Gadani e Chittagong: o segundo e terceiro maiores do mundo
O estaleiro de Gadani, no Paquistão, é o terceiro maior do mundo em termos de volume de desmanche de navios. Apesar de sua eficiência, que permite desmanchar completamente um navio de 10 mil toneladas em apenas cinco ou seis semanas, as condições de trabalho em Gadani são similares às de Alang. A falta de regulamentação adequada coloca os trabalhadores em risco constante.
Chittagong, em Bangladesh, é o segundo maior estaleiro em termos de volume e é o que emprega mais pessoas diretamente na tarefa de desmanche. Estima-se que entre 70 e 100 mil pessoas trabalhem na região, realizando o árduo trabalho de desmantelar navios. A exemplo de Alang e Gadani, as condições de trabalho são precárias e o desrespeito às normas de segurança é evidente.
Impactos ambientais e humanos
Além das condições de trabalho perigosas, os estaleiros de desmanche de navios em países como Índia, Paquistão e Bangladesh representam um risco ambiental significativo. Muitos navios ainda contêm resíduos de óleo, produtos químicos e outros materiais tóxicos que podem vazar durante o processo de desmanche, contaminando o solo, a água e o ar. Além disso, a prática comum de encalhar os navios diretamente nas praias contribui para a destruição dos ecossistemas costeiros.
Os impactos sobre os trabalhadores também são devastadores. Muitos deles sofrem com problemas respiratórios, doenças de pele e outras complicações de saúde devido à exposição prolongada a substâncias perigosas. A falta de treinamento adequado e a ausência de equipamentos de proteção tornam essas ocupações uma das mais arriscadas do mundo.
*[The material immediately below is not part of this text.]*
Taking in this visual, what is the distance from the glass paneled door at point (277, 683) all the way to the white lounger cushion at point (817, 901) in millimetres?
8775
O futuro do desmanche de navios
Há iniciativas em andamento para melhorar as condições de trabalho e reduzir o impacto ambiental dessa indústria. Organizações internacionais, como a Organização Internacional do Trabalho (OIT) e a Organização Marítima Internacional (OMI), têm pressionado para que os estaleiros de desmanche adotem práticas mais seguras e sustentáveis.
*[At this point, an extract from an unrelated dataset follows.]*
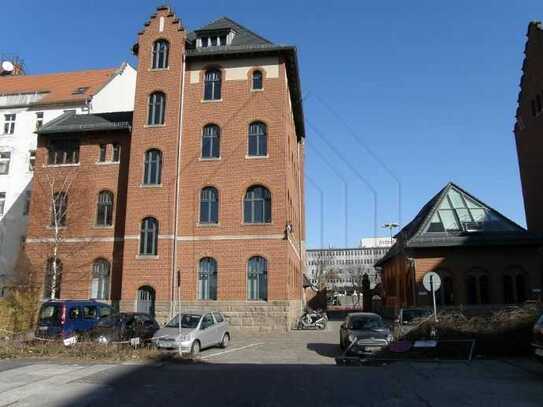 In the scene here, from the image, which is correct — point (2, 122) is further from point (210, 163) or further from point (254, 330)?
point (254, 330)

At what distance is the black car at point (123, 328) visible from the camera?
18250 millimetres

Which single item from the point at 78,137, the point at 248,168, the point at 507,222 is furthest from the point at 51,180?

Uma das principais regulamentações nesse sentido é a Convenção de Hong Kong, adotada pela OMI em 2009, que visa garantir que o desmanche de navios seja feito de maneira segura e ecologicamente correta. No entanto, sua implementação tem sido lenta e muitos dos principais estaleiros, especialmente na Ásia, ainda não cumprem as diretrizes estabelecidas.
Além disso, alguns países têm investido em tecnologias que permitem o desmanche de navios de forma mais automatizada e segura, reduzindo a necessidade de trabalho manual. No entanto, essas inovações ainda não estão amplamente disponíveis nas regiões que mais dependem dessa indústria.
O desmanche de navios é uma indústria essencial, que permite o reaproveitamento de materiais valiosos e evita o acúmulo de embarcações obsoletas nos oceanos. No entanto, as condições de trabalho nos principais estaleiros do mundo, particularmente na Ásia, continuam sendo uma preocupação séria. A falta de regulamentação e a busca por lucros rápidos têm colocado em risco a vida de milhares de trabalhadores, ao mesmo tempo em que contribuem para a degradação ambiental. A implementação de normas mais rígidas e a adoção de tecnologias mais seguras são passos essenciais para garantir um futuro mais sustentável e humano para essa indústria.